While I don't usually pick the ladies bikes, this one had to demand attention, brought it home yesterday. The old gentleman bought it for his wife new in 48, and she rode it very little. Unfortunetly she passed recently.
As found, original paint, stored inside the home all it's life. Vurtually like new. Love the wine color!


----------



## spoker (Feb 16, 2016)

pics dont show 4 me


----------



## fordmike65 (Feb 16, 2016)

No pics, but would love to see her


----------



## rustjunkie (Feb 16, 2016)

odd: showing on pc and ipad here


----------



## fordmike65 (Feb 16, 2016)

Nothing on my PC, phone or tapatalk over here


----------



## pedal_junky (Feb 16, 2016)

Just showing [ I M G  ]


----------



## oldfart36 (Feb 17, 2016)

Man! Everything is showing for me, what's going on! Try this again. She will clean up great!


----------



## oldfart36 (Feb 17, 2016)




----------



## oldfart36 (Feb 17, 2016)




----------



## jd56 (Feb 17, 2016)

Still no pictures 

Sent from my SM-N920V using Tapatalk


----------



## fordmike65 (Feb 17, 2016)

No bueno on my end. Weird.


----------



## mickeyc (Feb 17, 2016)

Nothing here either.

Mike


----------



## cyclingday (Feb 17, 2016)

Nada


----------



## oldfart36 (Feb 17, 2016)

Help guys!! They show up on my laptop, and desktop. Haven't had these problems until the new forum started!!  Other sites, report the same thing!


----------



## rollfaster (Feb 17, 2016)

Nothing for me either.


----------



## Dan the bike man (Feb 17, 2016)

If you want try sending them to my email, and I'll try posting for you. daniel1863@live.com


----------



## rustjunkie (Feb 17, 2016)

Did you try using the "upload a photo or file" button?


----------



## Dave Stromberger (Feb 17, 2016)

I'm working on solving this problem today.

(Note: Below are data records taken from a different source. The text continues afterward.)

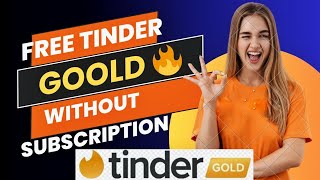 Tinder Gold kaise use kre 🔥 without subscription  How to use free tinder gold 😱  free tinder GOLD [upl. by Enninaej]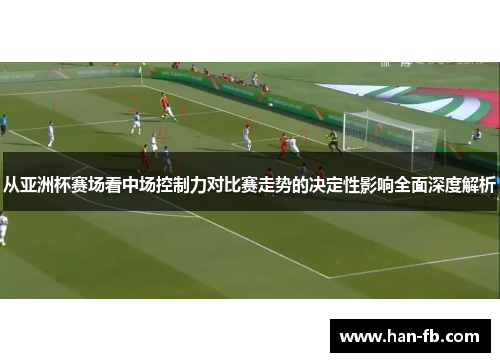 从亚洲杯赛场看中场控制力对比赛走势的决定性影响全面深度解析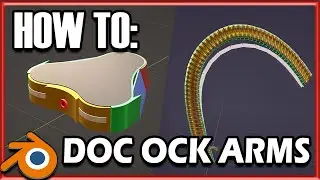 HOW TO Make and Rig Doc Ock's Arms In 3D (BLENDER)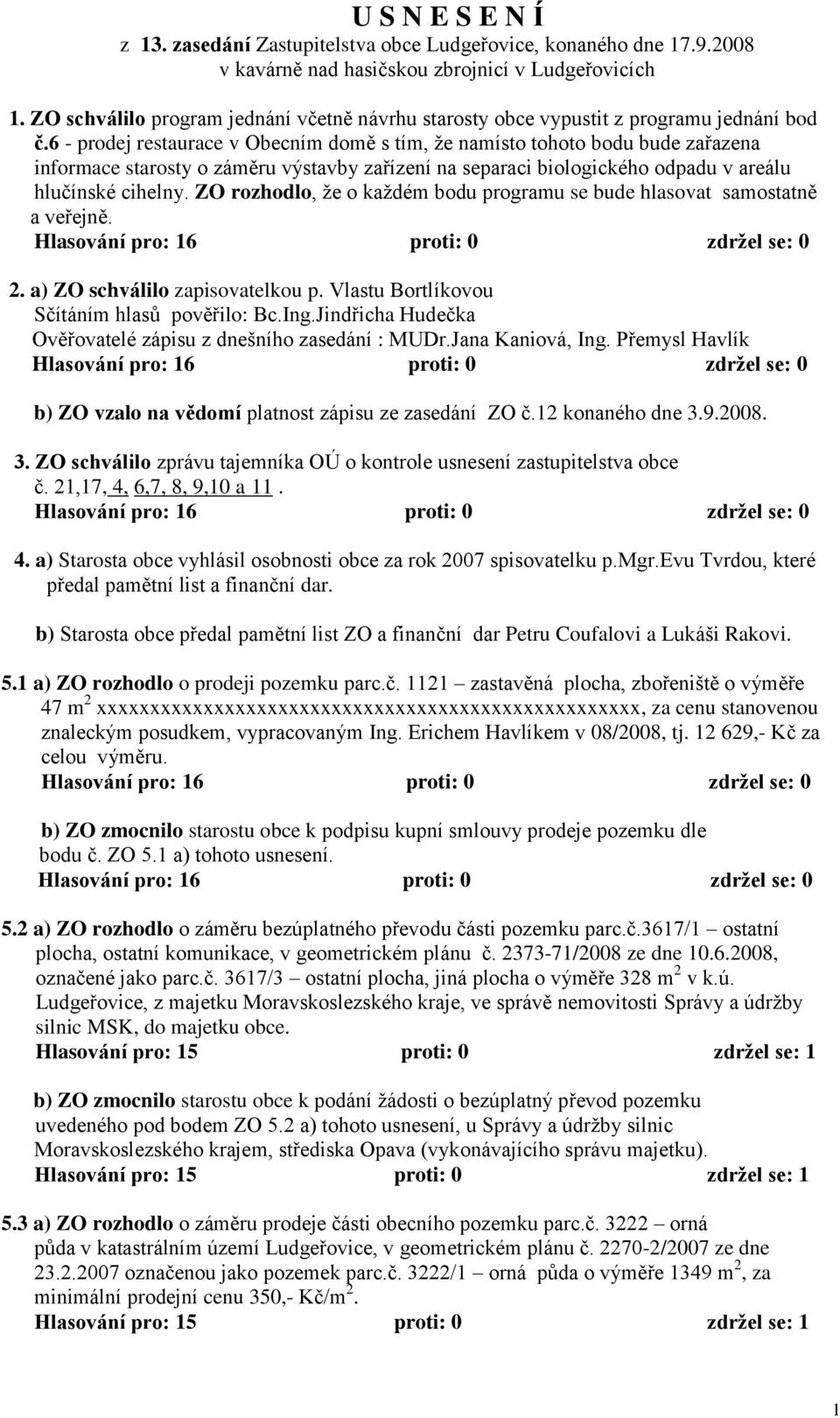 6 - prodej restaurace v Obecním domě s tím, že namísto tohoto bodu bude zařazena informace starosty o záměru výstavby zařízení na separaci biologického odpadu v areálu hlučínské cihelny.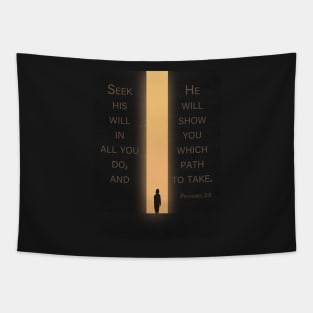 He will show you which path to take | Proverbs 3:6 | Christian bible verse artprint Tapestry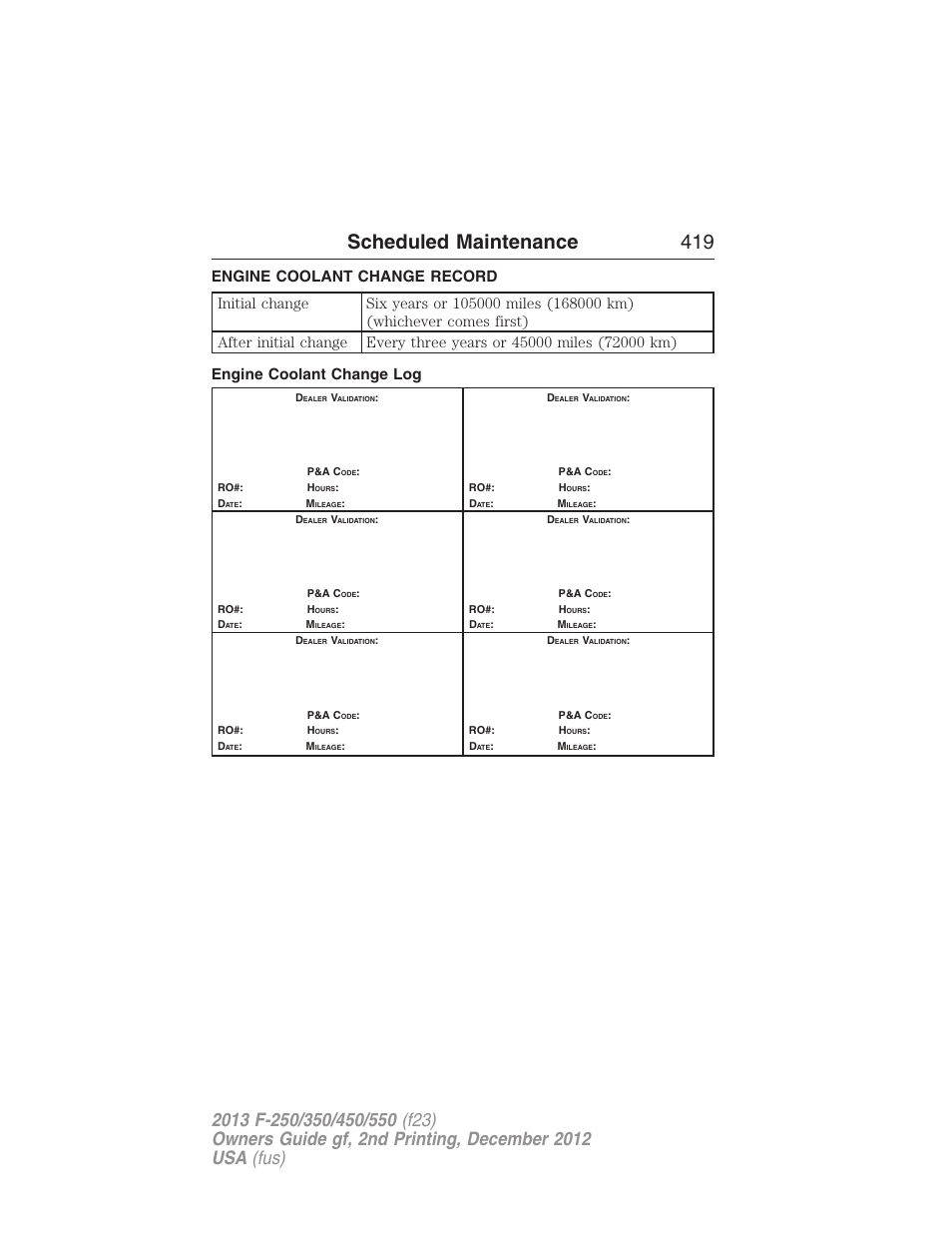 Engine coolant change record, Engine coolant change log, Scheduled maintenance 419 | FORD 2013 F-550 v.2 User Manual | Page 420 / 579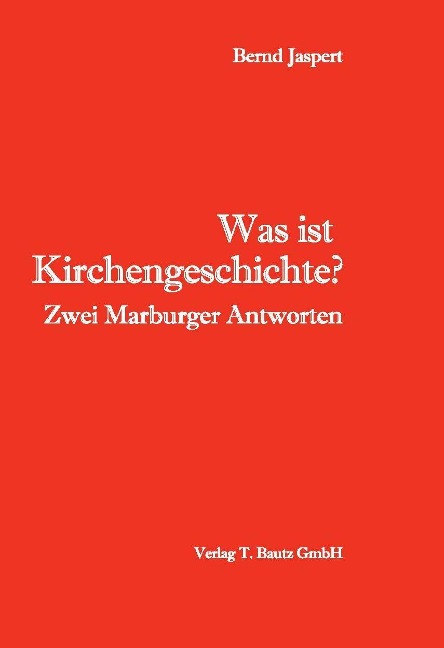 Was ist Kirchengeschichte? - Bernd Jaspert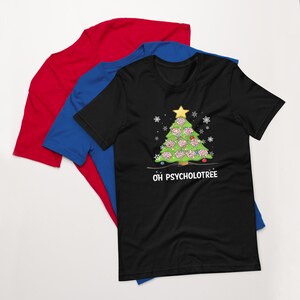 Oh Psycholotree Christmas Tree / Psychologist Xmas Present / Brain Mind Head / Gifts for Psychiatrists / Therapists / Unisex T-Shirt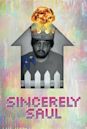 Sincerely Saul | Comedy, Drama, Horror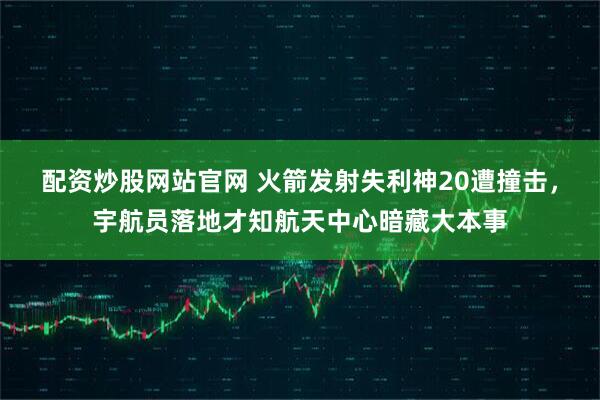 配资炒股网站官网 火箭发射失利神20遭撞击，宇航员落地才知航天中心暗藏大本事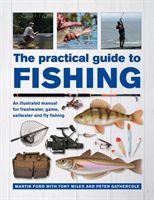 Practical Guide to Fishing - An Illustrated Manual for Freshwater, Game, Saltwater and Fly Fishing (Ford Martin)(Pevná vazba)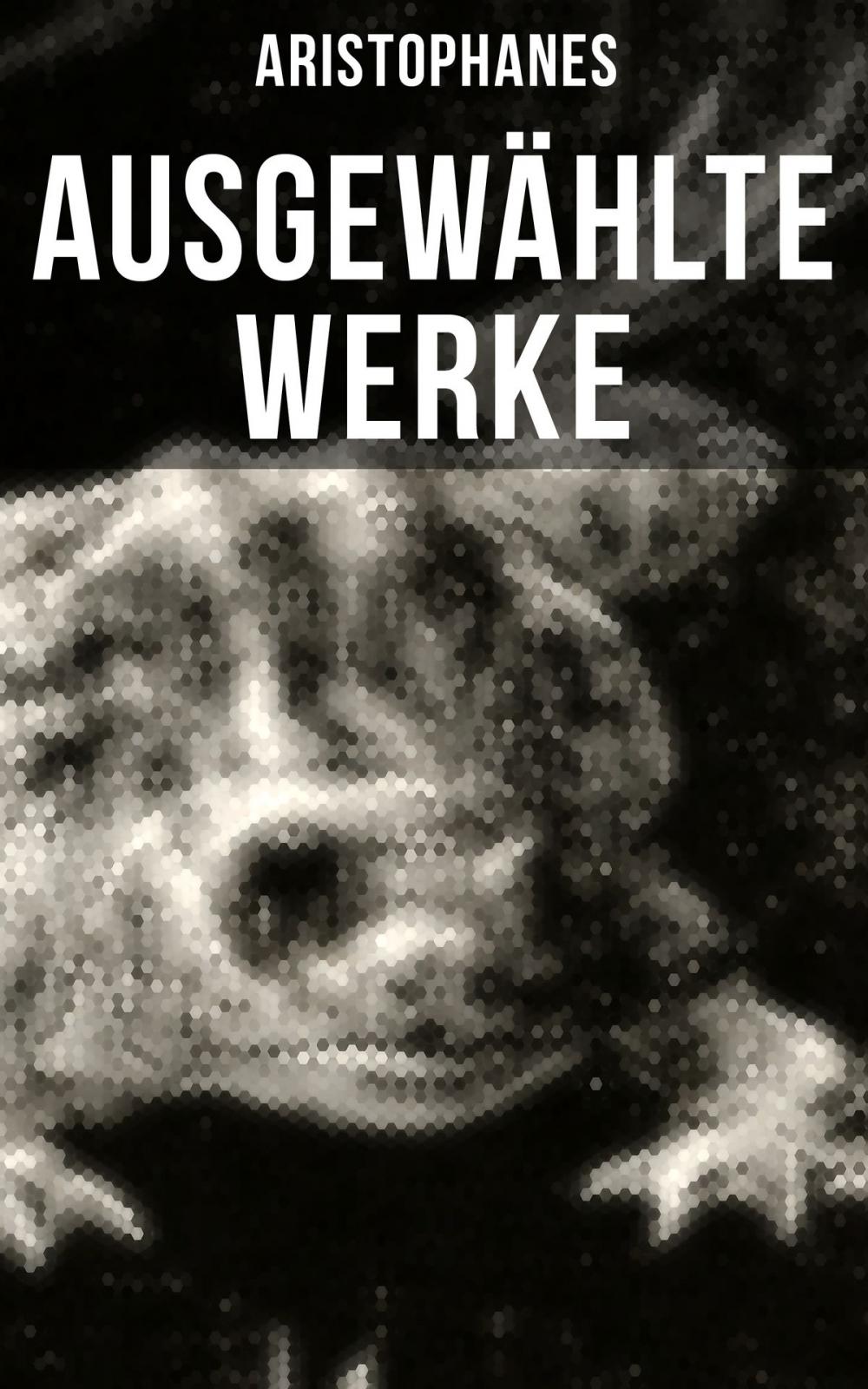 Big bigCover of Ausgewählte Werke von Aristophanes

Hopefully I'll have a solution soon.

Thanks


----------



## Dave Stromberger (Feb 17, 2016)

I figured it out... Convo sent to OP.


----------



## fordmike65 (Feb 17, 2016)

This her?


----------



## rollfaster (Feb 17, 2016)

Geez, that's a beauty!


----------



## oldfart36 (Feb 18, 2016)

fordmike65 said:


> This her?





Yes, Thanks. Wow, things use to be so easy!


----------



## oldfart36 (Feb 18, 2016)

Well, thanks to Dave Stromberger, I think we got this figured out. I pulled the basket off before putting her away, a good test to see how it's working.


----------



## Dan the bike man (Feb 18, 2016)

Nice bike and cool looking building behind it with the old stuff sitting around.


----------



## Tim the Skid (Feb 18, 2016)

very nice! outstanding original condition bicycle. good buy.


----------



## juanitasmith13 (Feb 18, 2016)

Pictures today!!! WOW! I like it best minus the basket... my eldest sister would not. She enjoyed being sent to the store on her bike to bring home groceries.


----------



## Vintage Paintworx (Feb 18, 2016)

Wow! Talk about a time capsule!


----------



## vincev (Feb 18, 2016)

Beautiful bike,I would have grabbed it.Who cares if its a ladies bike.


----------



## oldfart36 (Feb 19, 2016)

Thanks guys, because of condition, this one will stay in the stable.


----------